Find all lines with the word "Case" in the material, then copy them.
----------------------------------------
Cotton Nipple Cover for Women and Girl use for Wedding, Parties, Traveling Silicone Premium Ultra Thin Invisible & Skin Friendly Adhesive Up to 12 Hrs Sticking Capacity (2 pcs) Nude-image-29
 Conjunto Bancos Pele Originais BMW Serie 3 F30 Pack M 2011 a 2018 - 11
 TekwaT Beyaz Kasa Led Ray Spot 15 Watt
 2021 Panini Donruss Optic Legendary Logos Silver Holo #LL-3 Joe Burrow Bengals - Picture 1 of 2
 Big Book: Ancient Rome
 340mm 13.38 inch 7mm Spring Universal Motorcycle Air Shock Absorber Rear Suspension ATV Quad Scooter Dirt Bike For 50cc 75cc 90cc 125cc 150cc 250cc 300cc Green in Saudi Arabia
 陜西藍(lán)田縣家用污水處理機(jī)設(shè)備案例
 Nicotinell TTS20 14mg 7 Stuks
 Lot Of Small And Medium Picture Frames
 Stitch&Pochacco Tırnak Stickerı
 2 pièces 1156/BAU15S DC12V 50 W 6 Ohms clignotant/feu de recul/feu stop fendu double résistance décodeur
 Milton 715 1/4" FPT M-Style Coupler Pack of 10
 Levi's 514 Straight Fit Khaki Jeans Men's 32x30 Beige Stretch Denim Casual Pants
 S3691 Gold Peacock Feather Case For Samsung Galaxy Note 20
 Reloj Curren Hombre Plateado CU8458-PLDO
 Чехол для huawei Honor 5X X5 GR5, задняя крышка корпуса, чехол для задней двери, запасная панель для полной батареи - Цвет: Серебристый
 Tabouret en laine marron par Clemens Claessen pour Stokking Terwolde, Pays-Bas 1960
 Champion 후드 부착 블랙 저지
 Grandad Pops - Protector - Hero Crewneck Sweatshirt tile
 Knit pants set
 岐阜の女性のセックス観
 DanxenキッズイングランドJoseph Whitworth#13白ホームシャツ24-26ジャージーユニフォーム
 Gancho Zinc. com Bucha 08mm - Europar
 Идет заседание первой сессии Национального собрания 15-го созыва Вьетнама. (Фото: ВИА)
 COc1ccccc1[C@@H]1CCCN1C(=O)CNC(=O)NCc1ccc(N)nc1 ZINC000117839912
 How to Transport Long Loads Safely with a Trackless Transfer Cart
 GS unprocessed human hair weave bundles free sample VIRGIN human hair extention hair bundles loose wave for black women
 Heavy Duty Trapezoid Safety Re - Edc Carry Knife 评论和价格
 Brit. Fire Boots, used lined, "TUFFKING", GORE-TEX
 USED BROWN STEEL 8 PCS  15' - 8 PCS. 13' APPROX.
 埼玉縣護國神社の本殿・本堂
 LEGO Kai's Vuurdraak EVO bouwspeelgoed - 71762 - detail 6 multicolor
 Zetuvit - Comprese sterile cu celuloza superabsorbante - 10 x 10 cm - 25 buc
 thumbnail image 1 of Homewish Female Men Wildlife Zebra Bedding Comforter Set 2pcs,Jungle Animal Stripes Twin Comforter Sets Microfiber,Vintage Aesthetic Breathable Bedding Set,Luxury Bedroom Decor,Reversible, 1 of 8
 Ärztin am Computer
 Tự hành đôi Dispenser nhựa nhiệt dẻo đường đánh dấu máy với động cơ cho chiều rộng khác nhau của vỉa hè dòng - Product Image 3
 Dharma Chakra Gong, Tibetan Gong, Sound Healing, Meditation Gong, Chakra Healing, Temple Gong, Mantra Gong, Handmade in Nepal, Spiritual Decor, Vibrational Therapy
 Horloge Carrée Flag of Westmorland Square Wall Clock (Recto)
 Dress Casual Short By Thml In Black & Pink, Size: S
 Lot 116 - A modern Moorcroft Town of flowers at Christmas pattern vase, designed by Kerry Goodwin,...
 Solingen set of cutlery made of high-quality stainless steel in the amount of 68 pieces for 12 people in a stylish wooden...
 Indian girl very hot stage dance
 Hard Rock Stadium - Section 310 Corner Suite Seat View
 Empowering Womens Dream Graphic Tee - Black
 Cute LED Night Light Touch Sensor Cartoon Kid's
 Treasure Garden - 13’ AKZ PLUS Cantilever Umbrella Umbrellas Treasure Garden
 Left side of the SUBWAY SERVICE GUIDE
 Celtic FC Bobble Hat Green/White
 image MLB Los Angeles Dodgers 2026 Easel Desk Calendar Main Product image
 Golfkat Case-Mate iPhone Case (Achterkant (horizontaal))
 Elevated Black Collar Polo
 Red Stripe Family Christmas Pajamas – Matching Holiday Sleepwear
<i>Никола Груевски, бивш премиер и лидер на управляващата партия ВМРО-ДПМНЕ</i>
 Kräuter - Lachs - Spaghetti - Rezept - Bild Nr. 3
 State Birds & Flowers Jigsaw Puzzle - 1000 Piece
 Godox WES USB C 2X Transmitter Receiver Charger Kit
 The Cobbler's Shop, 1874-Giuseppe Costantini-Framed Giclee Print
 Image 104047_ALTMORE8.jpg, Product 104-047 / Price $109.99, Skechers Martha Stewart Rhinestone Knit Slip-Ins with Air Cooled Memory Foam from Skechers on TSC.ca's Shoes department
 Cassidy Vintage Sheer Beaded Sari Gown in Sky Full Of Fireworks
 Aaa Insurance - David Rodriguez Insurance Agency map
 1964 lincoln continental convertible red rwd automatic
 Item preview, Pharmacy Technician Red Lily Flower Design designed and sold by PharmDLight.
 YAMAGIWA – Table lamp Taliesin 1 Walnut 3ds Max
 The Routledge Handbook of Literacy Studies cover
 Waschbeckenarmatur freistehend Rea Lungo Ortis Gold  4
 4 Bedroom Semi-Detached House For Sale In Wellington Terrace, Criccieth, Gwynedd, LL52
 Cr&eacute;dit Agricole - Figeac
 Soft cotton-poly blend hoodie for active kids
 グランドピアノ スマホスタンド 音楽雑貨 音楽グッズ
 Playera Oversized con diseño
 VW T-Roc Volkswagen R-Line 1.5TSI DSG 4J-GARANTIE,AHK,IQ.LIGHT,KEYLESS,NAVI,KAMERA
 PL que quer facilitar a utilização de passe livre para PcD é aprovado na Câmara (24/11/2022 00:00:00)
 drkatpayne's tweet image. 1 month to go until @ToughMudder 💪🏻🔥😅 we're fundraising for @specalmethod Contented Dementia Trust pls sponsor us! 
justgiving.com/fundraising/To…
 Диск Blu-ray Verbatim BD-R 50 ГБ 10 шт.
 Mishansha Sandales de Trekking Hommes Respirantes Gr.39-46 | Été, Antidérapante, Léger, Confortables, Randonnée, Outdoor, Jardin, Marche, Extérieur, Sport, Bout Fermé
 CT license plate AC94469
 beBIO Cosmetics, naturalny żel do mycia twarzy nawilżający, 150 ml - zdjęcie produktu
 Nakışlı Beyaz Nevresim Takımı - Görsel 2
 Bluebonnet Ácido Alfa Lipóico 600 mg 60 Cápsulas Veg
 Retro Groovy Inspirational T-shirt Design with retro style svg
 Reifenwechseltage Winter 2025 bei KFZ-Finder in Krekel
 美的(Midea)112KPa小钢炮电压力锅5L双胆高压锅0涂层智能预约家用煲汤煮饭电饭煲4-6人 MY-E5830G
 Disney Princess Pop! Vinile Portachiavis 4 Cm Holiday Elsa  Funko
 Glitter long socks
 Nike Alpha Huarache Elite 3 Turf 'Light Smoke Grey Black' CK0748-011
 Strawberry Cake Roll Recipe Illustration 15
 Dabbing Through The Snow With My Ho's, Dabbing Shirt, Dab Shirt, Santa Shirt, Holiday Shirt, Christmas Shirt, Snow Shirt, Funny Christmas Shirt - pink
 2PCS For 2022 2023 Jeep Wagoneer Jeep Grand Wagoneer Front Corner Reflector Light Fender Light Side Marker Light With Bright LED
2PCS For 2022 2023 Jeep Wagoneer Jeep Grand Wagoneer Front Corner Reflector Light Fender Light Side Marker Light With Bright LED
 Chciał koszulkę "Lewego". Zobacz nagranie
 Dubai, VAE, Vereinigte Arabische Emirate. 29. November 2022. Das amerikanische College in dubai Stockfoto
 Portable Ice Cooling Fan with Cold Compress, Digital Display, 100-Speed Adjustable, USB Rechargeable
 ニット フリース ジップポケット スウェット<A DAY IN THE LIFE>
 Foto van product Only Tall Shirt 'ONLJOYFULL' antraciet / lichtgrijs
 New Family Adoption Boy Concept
----------------------------------------
**Output below**
 S3691 Gold Peacock Feather Case For Samsung Galaxy Note 20
 Golfkat Case-Mate iPhone Case (Achterkant (horizontaal))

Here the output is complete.